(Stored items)
# # # #

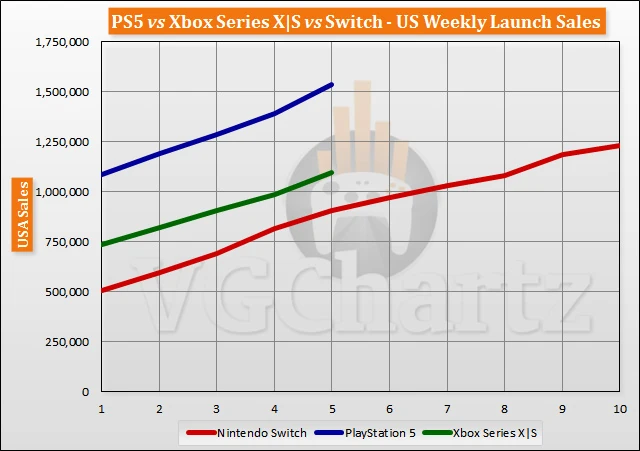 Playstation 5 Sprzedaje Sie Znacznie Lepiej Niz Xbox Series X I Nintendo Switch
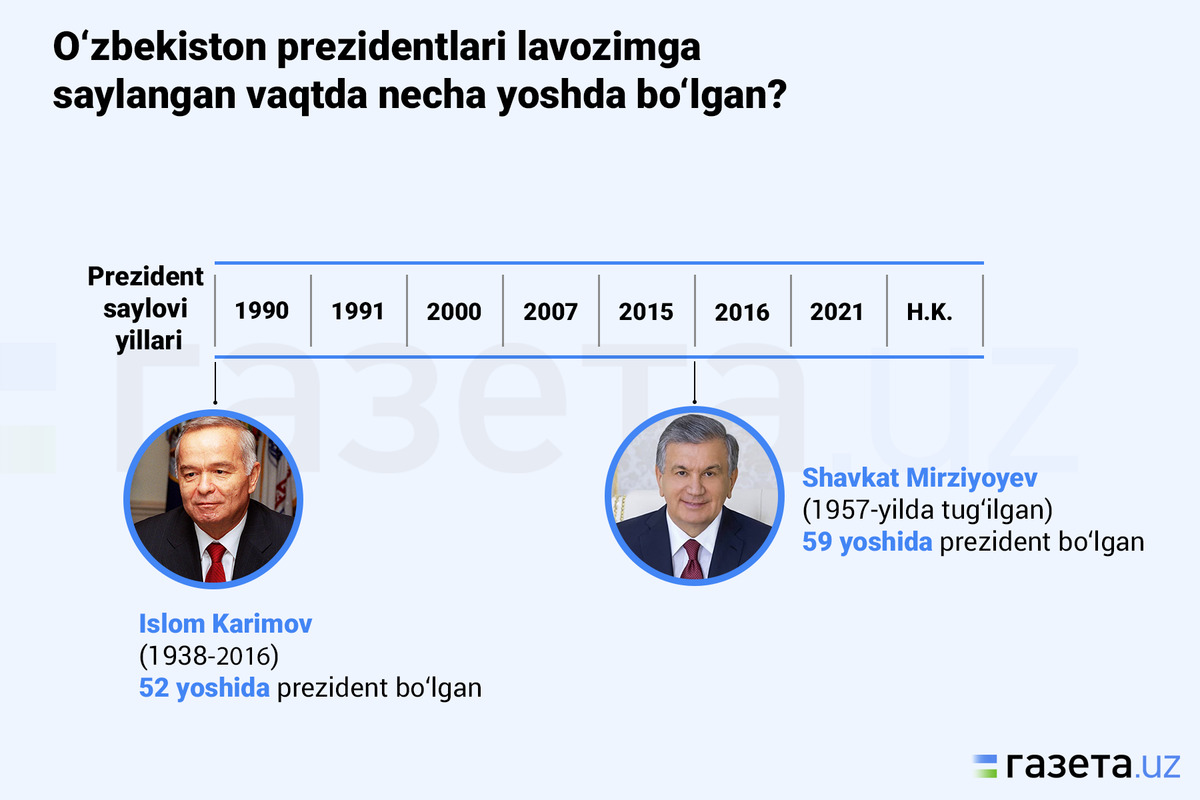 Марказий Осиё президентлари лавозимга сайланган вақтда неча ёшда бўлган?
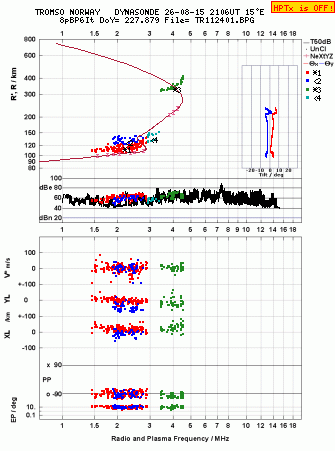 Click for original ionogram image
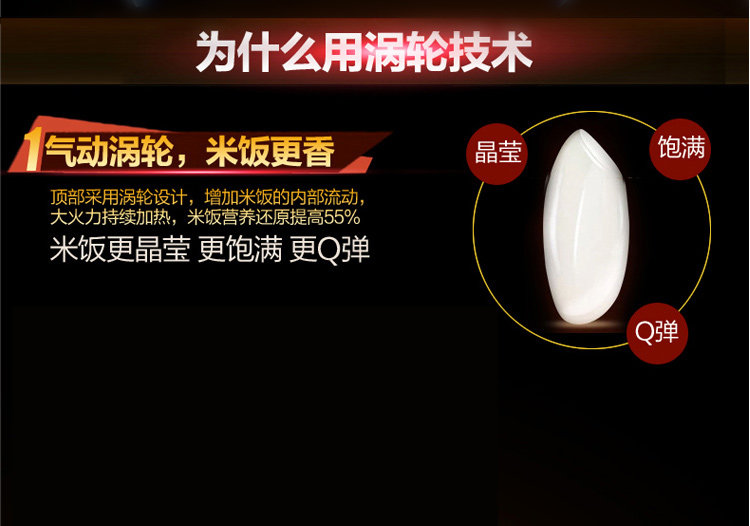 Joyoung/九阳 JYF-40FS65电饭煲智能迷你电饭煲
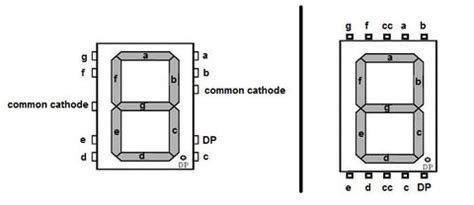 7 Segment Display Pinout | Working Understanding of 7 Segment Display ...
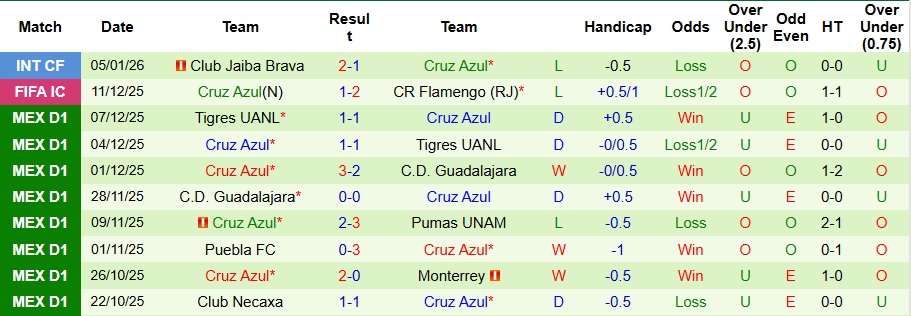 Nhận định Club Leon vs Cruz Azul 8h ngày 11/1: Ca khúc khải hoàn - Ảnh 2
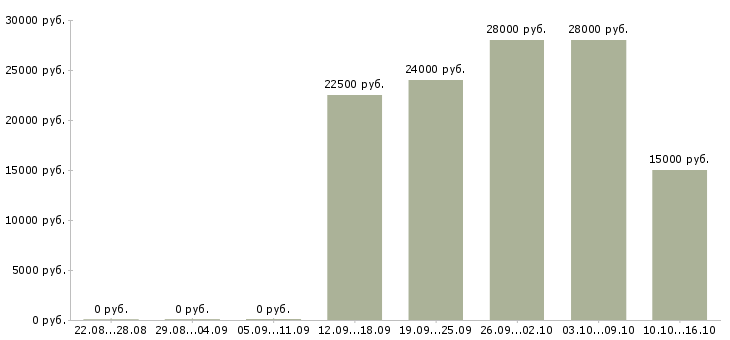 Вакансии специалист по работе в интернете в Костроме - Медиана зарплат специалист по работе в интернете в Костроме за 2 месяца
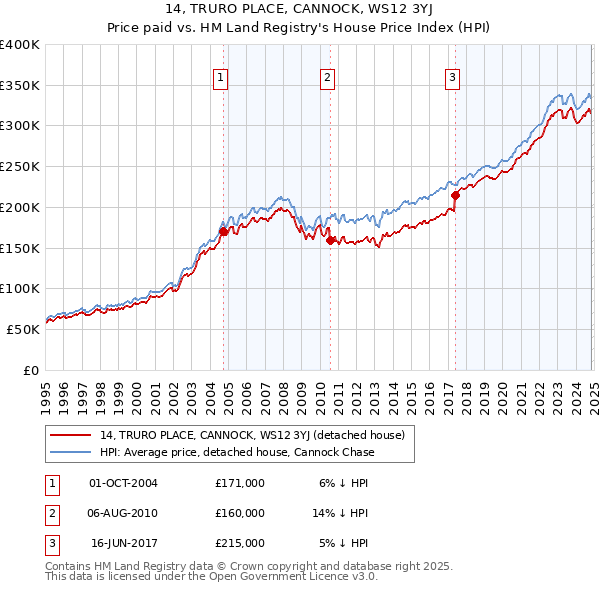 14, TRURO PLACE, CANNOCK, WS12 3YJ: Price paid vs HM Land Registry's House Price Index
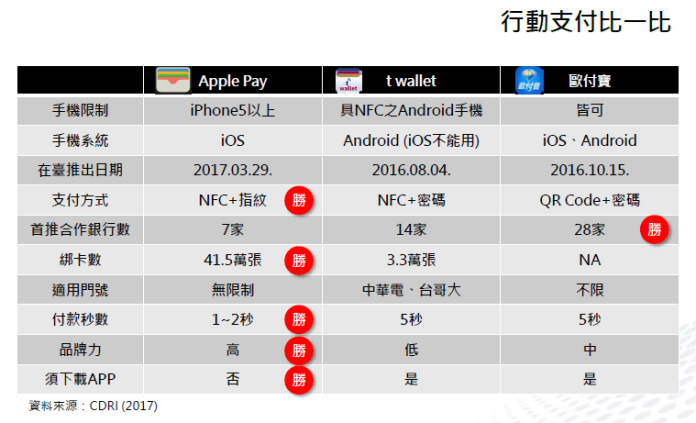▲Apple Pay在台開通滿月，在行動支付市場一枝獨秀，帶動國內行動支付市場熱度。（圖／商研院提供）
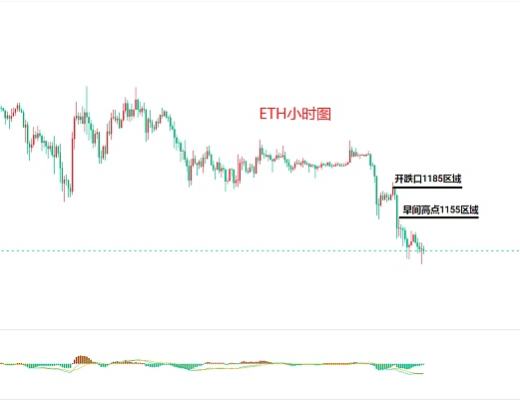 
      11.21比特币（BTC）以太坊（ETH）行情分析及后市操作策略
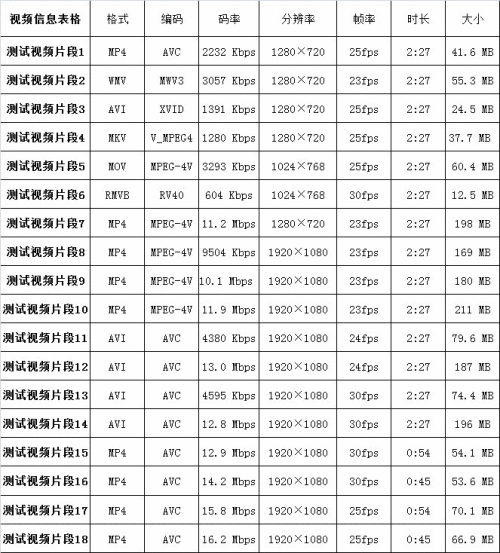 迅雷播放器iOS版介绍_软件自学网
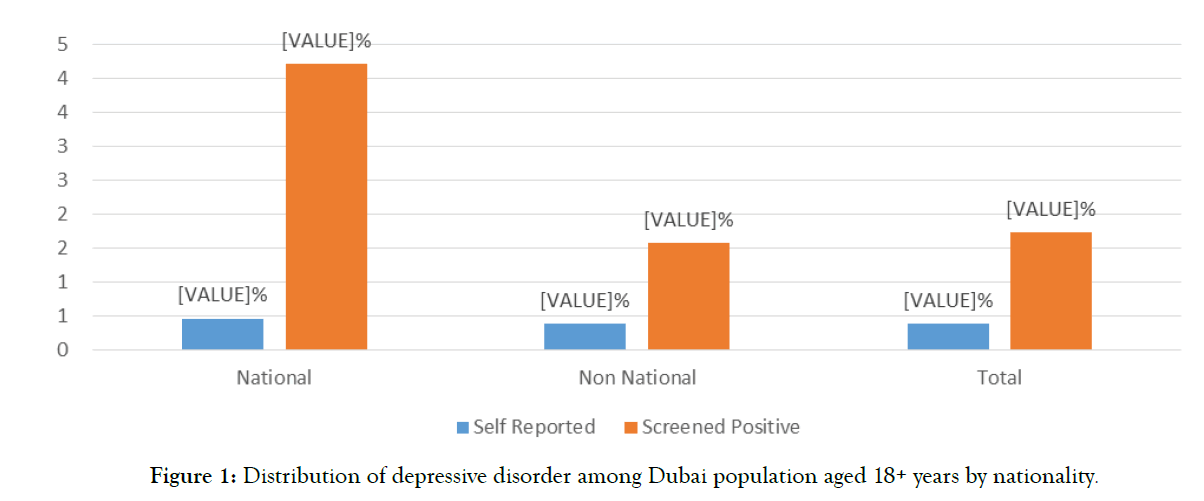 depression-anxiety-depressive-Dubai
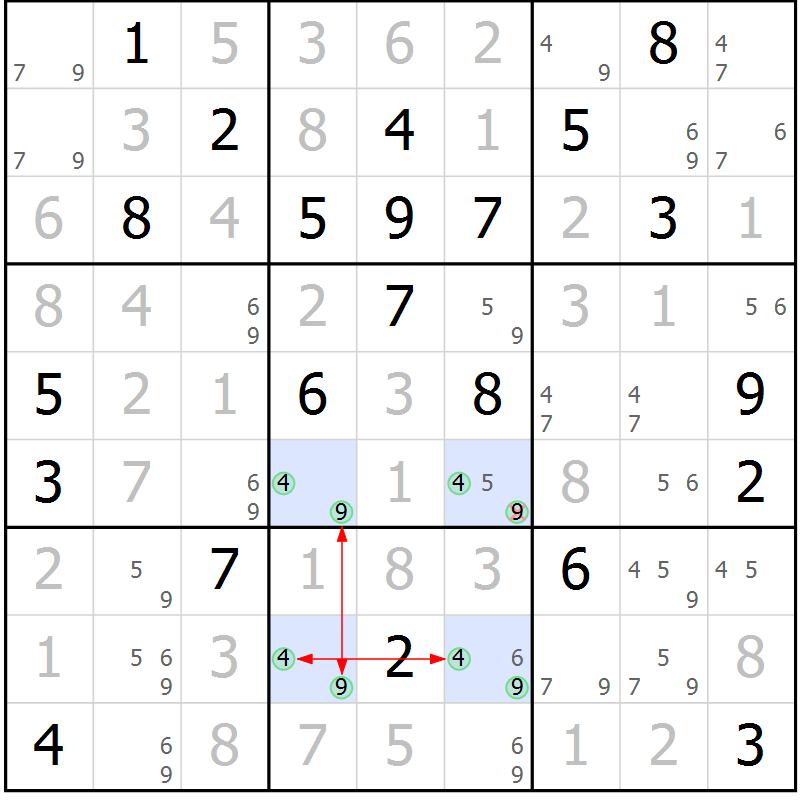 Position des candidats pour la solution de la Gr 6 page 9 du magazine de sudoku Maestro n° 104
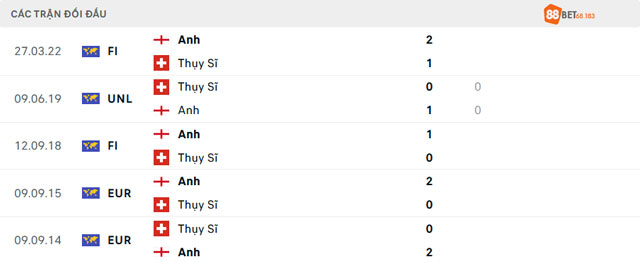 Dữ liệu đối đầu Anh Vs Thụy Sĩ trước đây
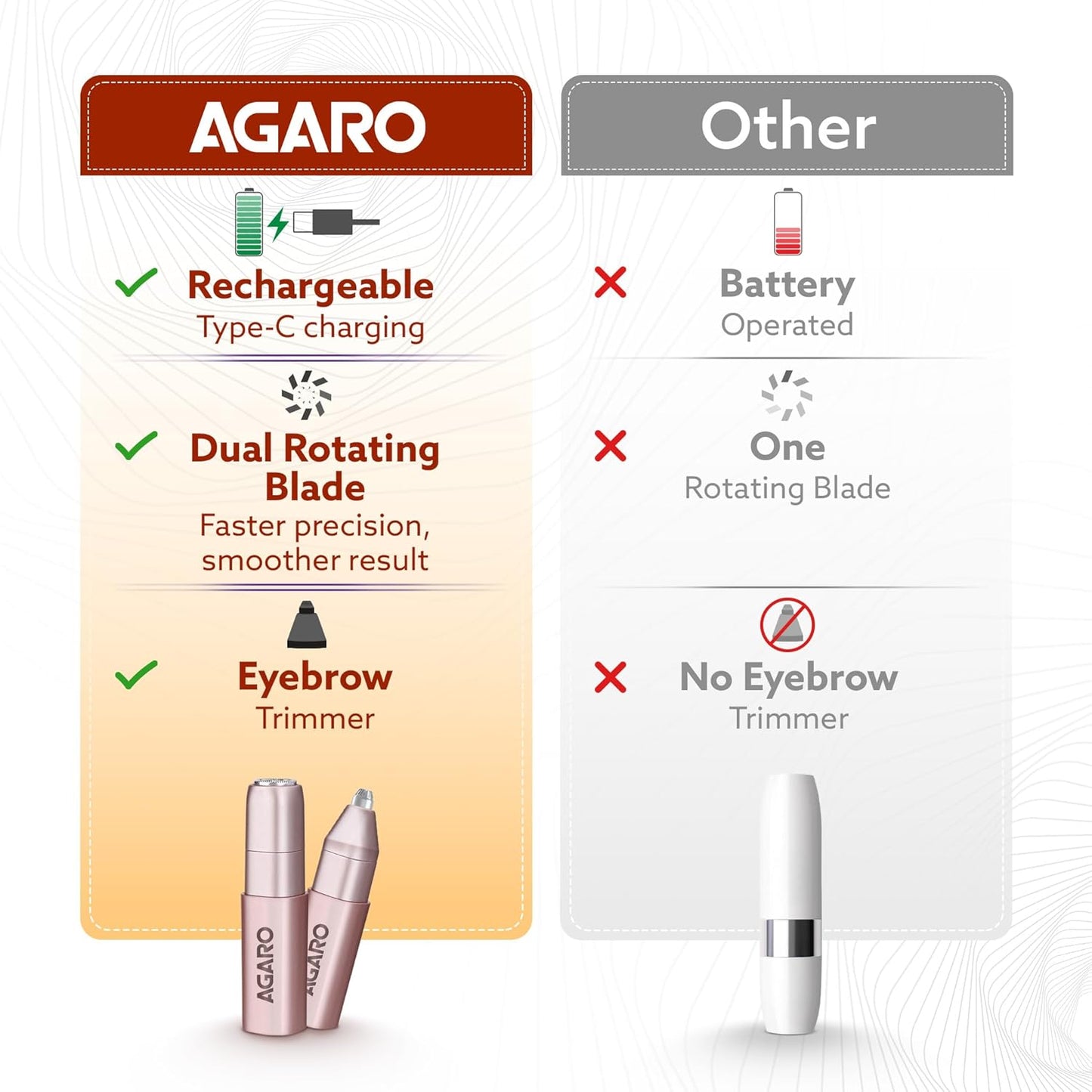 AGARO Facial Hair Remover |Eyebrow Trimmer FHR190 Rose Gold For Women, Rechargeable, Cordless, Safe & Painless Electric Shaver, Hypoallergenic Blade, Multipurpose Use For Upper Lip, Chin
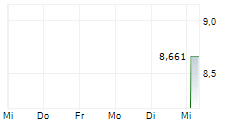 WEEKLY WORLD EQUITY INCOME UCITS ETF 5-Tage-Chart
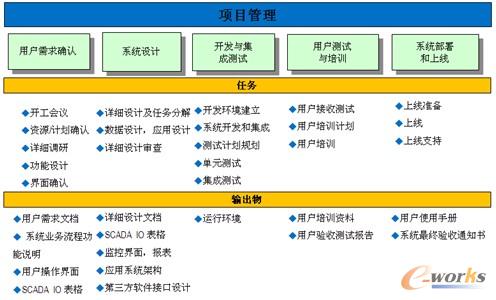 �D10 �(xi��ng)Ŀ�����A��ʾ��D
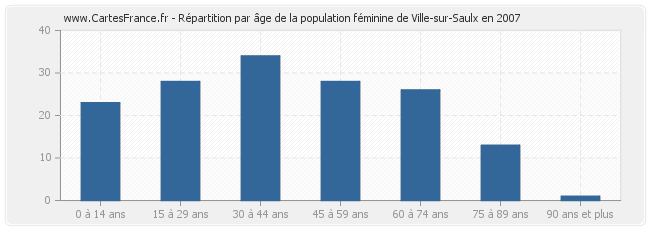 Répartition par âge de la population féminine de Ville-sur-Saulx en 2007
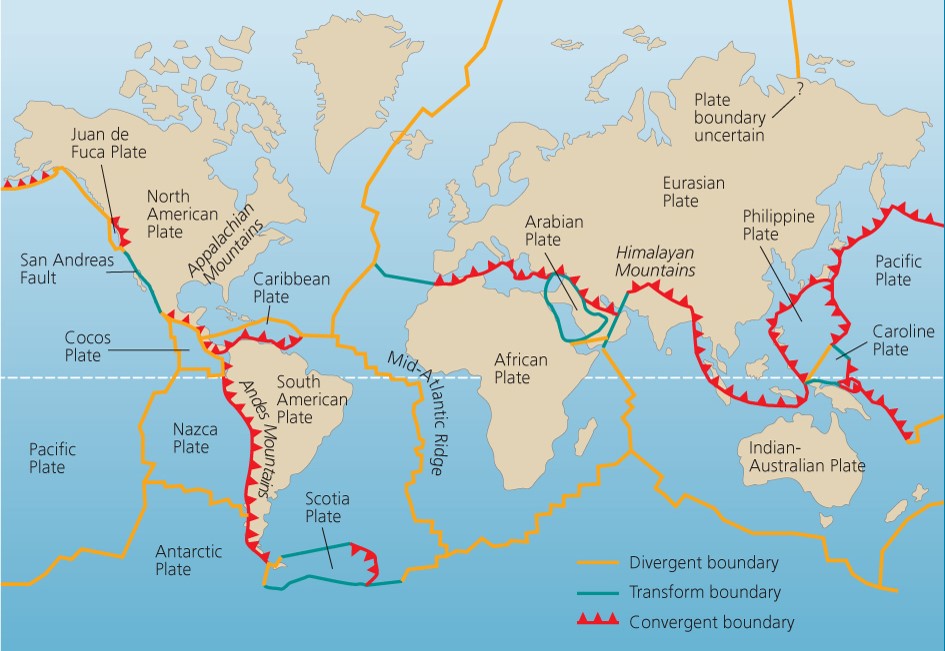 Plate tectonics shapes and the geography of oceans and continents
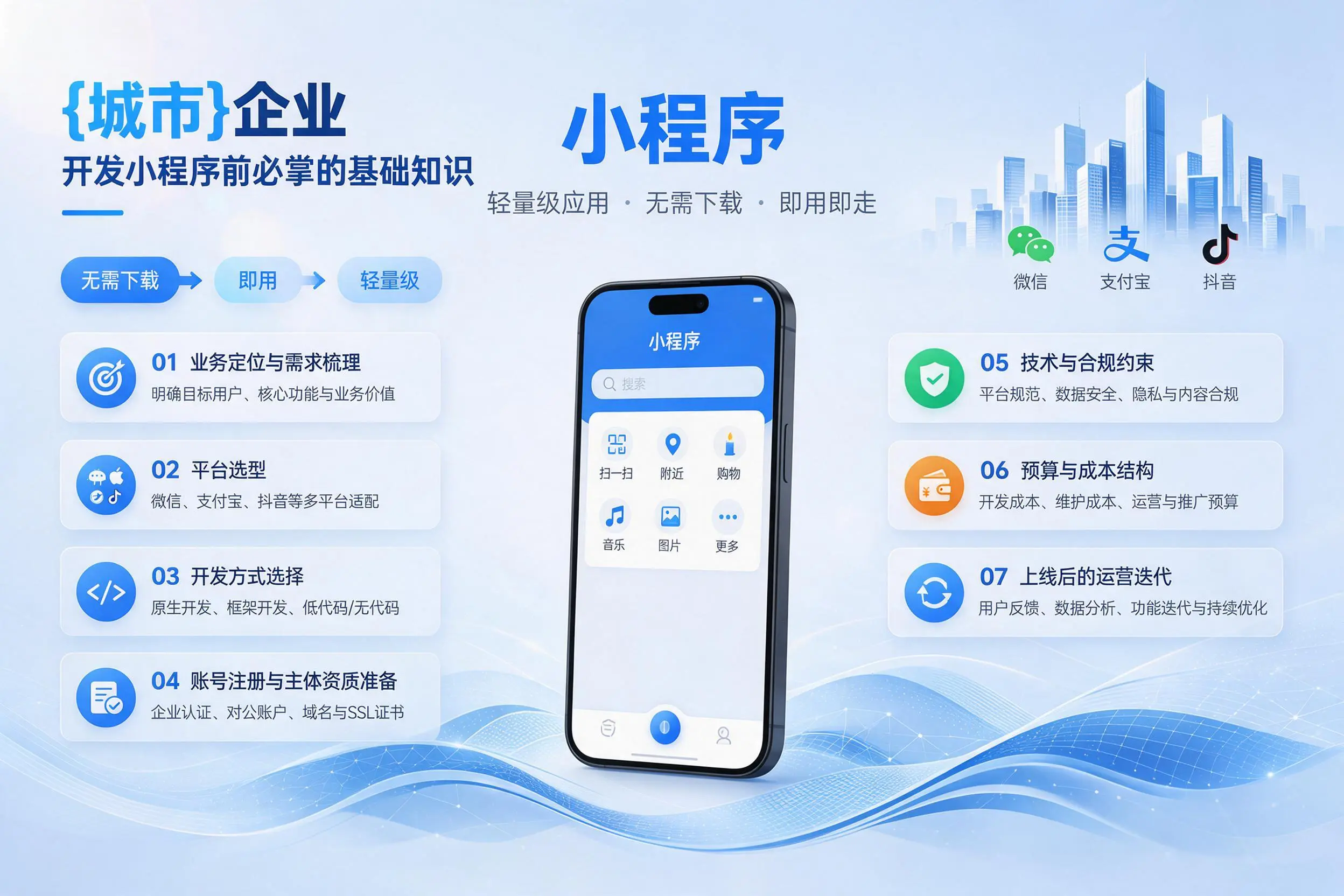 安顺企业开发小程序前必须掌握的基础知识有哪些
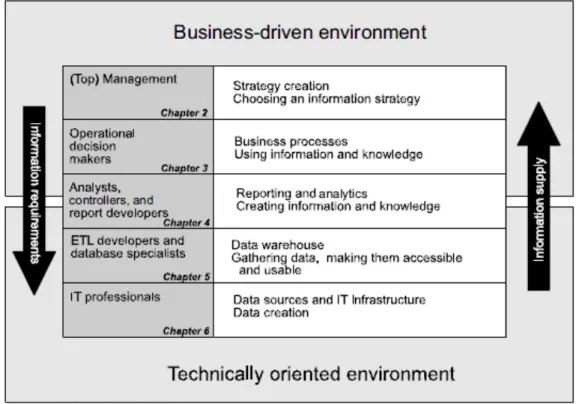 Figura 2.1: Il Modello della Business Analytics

# # # #

The expected output is every entry above, retyped exactly, with the pictures removed.

 Playstation 5 Sprzedaje Sie Znacznie Lepiej Niz Xbox Series X I Nintendo Switch
 Марказий Осиё президентлари лавозимга сайланган вақтда неча ёшда бўлган?
 Click for original ionogram image
 Joyoung/九阳 JYF-40FS65电饭煲智能迷你电饭煲
 7 Segment Display Pinout | Working Understanding of 7 Segment Display ...
 Nhận định Club Leon vs Cruz Azul 8h ngày 11/1: Ca khúc khải hoàn - Ảnh 2
 Вакансии специалист по работе в интернете в Костроме - Медиана зарплат специалист по работе в интернете в Костроме за 2 месяца
 14, TRURO PLACE, CANNOCK, WS12 3YJ: Price paid vs HM Land Registry's House Price Index
▲Apple Pay在台開通滿月，在行動支付市場一枝獨秀，帶動國內行動支付市場熱度。（圖／商研院提供）
      11.21比特币（BTC）以太坊（ETH）行情分析及后市操作策略
 迅雷播放器iOS版介绍_软件自学网
 depression-anxiety-depressive-Dubai
 Position des candidats pour la solution de la Gr 6 page 9 du magazine de sudoku Maestro n° 104
 Dữ liệu đối đầu Anh Vs Thụy Sĩ trước đây
 AGARO Facial Hair Remover |Eyebrow Trimmer FHR190 Rose Gold For Women, Rechargeable, Cordless, Safe & Painless Electric Shaver, Hypoallergenic Blade, Multipurpose Use For Upper Lip, Chin
 WEEKLY WORLD EQUITY INCOME UCITS ETF 5-Tage-Chart
 �D10 �(xi��ng)Ŀ�����A��ʾ��D
 Répartition par âge de la population féminine de Ville-sur-Saulx en 2007
 Plate tectonics shapes and the geography of oceans and continents
 安顺企业开发小程序前必须掌握的基础知识有哪些
 Figura 2.1: Il Modello della Business Analytics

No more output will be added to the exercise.